**WHAT IS NEEDED**
Would you copy the records exactly, leaving the pictures out?

##############################

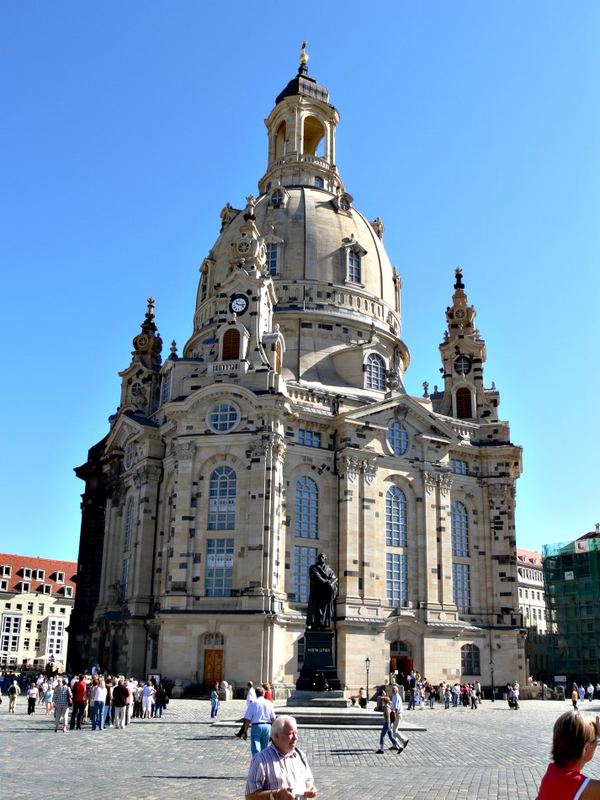 Frauenkirche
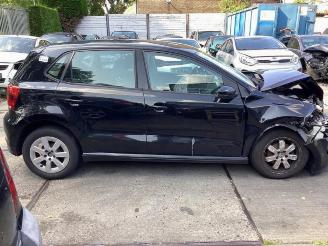 Volkswagen Polo Polo V (6R), Hatchback, 2009 / 2017 1.2 TDI 12V BlueMotion picture 6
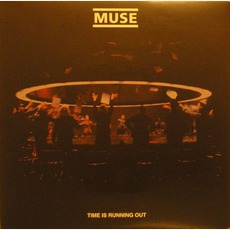 Time Is Running Out mp3 Single by Muse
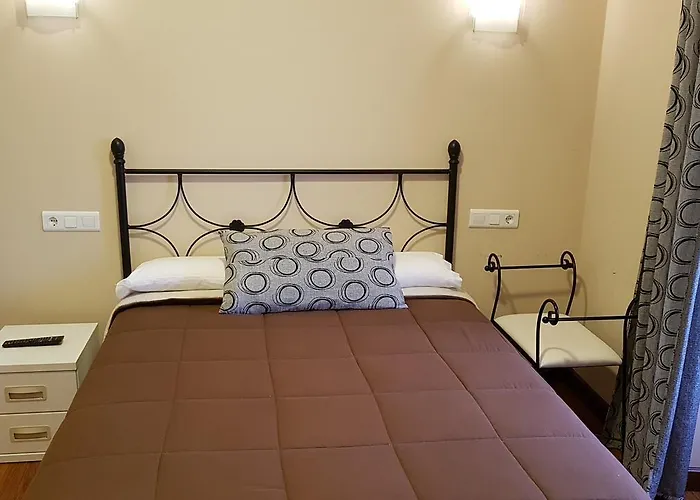 Maison d'hôtes Arenal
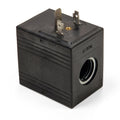 12vDC Coil For Z50 valve 16.3mm Hole x 50mm Long - Approved Hydraulics Limited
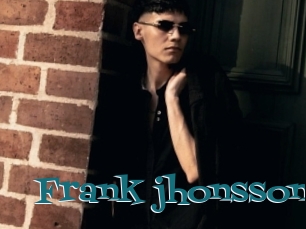 Frank_jhonsson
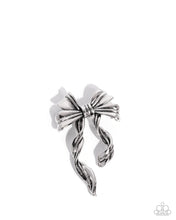 Load image into Gallery viewer, Bow Bonanza - Silver #BP109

##############################

**WRITTEN ANSWER**
 Frauenkirche
 Volkswagen Polo Polo V (6R), Hatchback, 2009 / 2017 1.2 TDI 12V BlueMotion picture 6
 Time Is Running Out mp3 Single by Muse
 Maison d'hôtes Arenal
 12vDC Coil For Z50 valve 16.3mm Hole x 50mm Long - Approved Hydraulics Limited
 Frank_jhonsson
 Load image into Gallery viewer, Bow Bonanza - Silver #BP109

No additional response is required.